Rocks that are folded or curved can exhibit various regions of aligned fractures, curved layers being held in extension or in compression. A neutral plane can separate layers held in extension from layers held in compression. We often observe the azimuth of VINTfast to change by 90 degrees when comparing one layer held in extension to a (lower) layer held in compression, for example, as in a mild anticline. For a mild syncline, the upper layer is held in compression, but the lower layer is held in extension. In 1994, Bruno and Winterstein published an important study into the relationship of stress variations within folds (using shear-wave data and modeling).

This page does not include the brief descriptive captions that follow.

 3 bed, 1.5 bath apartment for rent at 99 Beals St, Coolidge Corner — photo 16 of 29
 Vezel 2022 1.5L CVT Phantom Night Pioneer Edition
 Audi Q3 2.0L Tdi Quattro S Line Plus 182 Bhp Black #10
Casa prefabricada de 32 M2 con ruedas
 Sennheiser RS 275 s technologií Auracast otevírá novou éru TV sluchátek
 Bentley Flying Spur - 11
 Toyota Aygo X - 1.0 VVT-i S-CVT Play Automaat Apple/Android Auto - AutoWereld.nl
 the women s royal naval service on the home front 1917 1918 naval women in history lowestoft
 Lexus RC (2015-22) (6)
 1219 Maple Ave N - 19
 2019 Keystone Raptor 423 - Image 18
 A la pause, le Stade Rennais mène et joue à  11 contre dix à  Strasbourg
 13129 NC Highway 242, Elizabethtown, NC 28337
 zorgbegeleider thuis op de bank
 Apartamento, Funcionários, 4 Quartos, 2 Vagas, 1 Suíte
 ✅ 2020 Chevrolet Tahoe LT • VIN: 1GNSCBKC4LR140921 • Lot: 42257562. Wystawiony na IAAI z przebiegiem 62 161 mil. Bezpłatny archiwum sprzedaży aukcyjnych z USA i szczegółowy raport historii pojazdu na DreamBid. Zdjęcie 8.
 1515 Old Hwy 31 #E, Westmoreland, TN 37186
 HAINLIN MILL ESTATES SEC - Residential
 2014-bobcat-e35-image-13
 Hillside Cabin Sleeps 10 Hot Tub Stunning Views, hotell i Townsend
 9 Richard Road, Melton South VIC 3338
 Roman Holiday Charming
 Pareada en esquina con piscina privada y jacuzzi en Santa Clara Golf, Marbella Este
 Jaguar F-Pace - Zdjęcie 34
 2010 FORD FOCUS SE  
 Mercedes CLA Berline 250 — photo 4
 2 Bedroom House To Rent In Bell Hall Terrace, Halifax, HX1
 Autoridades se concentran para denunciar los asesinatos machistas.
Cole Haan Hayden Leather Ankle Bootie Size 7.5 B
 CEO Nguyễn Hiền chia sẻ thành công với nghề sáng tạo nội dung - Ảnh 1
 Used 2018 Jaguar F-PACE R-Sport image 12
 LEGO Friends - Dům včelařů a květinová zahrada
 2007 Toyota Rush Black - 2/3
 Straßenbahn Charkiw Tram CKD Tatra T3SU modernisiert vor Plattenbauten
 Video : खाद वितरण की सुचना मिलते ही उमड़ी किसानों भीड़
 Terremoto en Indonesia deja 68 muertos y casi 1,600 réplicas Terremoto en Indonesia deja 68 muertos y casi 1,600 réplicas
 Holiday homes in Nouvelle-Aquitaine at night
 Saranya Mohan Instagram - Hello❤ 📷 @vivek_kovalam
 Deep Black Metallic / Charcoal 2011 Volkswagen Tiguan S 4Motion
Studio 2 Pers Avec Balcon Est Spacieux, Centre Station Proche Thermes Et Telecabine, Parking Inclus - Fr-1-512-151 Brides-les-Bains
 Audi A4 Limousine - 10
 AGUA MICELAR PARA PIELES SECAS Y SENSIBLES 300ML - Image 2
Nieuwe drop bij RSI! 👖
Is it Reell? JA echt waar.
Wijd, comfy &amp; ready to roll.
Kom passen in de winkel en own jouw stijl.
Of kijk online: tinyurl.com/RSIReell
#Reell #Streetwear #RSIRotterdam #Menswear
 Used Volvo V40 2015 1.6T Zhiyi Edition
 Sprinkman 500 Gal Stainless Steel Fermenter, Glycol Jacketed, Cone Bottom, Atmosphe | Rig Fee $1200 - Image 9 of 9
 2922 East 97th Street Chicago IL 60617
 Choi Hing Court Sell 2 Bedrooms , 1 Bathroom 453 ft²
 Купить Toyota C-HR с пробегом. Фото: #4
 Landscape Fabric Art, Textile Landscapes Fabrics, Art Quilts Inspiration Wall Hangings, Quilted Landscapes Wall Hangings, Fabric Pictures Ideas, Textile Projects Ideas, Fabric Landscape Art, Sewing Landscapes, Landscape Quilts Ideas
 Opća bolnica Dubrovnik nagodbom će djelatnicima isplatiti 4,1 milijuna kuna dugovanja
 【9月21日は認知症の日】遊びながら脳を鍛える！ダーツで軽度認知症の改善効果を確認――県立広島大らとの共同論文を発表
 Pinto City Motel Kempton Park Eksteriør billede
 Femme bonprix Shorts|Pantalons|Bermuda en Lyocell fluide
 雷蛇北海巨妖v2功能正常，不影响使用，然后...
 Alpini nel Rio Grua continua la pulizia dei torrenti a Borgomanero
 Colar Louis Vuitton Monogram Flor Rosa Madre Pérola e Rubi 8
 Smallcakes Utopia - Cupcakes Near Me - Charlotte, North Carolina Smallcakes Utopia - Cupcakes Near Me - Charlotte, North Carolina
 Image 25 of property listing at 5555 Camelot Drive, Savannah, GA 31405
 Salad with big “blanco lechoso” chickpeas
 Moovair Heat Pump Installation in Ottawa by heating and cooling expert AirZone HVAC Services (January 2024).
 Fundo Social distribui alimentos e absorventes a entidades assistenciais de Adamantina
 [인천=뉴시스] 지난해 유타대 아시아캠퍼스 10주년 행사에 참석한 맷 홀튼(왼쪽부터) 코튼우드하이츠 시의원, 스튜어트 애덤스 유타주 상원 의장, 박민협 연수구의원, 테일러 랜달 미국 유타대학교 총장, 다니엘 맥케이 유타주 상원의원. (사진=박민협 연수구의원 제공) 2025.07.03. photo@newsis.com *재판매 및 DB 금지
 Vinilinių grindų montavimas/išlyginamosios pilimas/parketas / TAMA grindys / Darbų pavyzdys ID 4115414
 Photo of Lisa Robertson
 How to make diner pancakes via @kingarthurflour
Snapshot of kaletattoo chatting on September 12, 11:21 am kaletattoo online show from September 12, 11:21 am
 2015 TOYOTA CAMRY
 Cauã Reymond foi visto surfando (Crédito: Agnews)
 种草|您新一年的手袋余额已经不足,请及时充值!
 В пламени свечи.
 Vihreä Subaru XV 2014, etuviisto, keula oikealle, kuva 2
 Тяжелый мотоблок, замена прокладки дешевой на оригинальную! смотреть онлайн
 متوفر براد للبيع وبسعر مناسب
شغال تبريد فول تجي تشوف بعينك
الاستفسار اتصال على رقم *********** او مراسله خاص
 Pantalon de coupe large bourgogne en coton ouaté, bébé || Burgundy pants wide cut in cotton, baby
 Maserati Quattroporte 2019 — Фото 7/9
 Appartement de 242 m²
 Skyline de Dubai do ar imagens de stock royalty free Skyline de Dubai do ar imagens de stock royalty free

The internal structure of the rock, its fabric, can be studied by examining the anisotropy exhibited by the layer. Geophysicists routinely measure the interval velocity azimuthal anisotropy to compare to support data showing in situ stress (e.g. borehole breakout) and macrofractures; and the azimuthal amplitude anisotropy is compared to support data for macrofractures and in situ stress. To understand the AVO gradient change with azimuth (the industry standard), the azimuthal variation of the far offset amplitudes is quantified and mapped; as well as the azimuthal variation of the near offset amplitudes (see Lynn, SEG Expanded Abstracts, 2014, 2015, 2016). HTI amplitude modeling, through the CREWES website TI Explorer programs, is also employed to document “what we expect.” Azimuth-dependent prestack elastic inversions are also important for obtaining the azimuthal variation in P-impedance, S-impedance and density (third term). All these measurements are tied to the local calibration data to assure management that “our interpretation is consistent with all the observations.”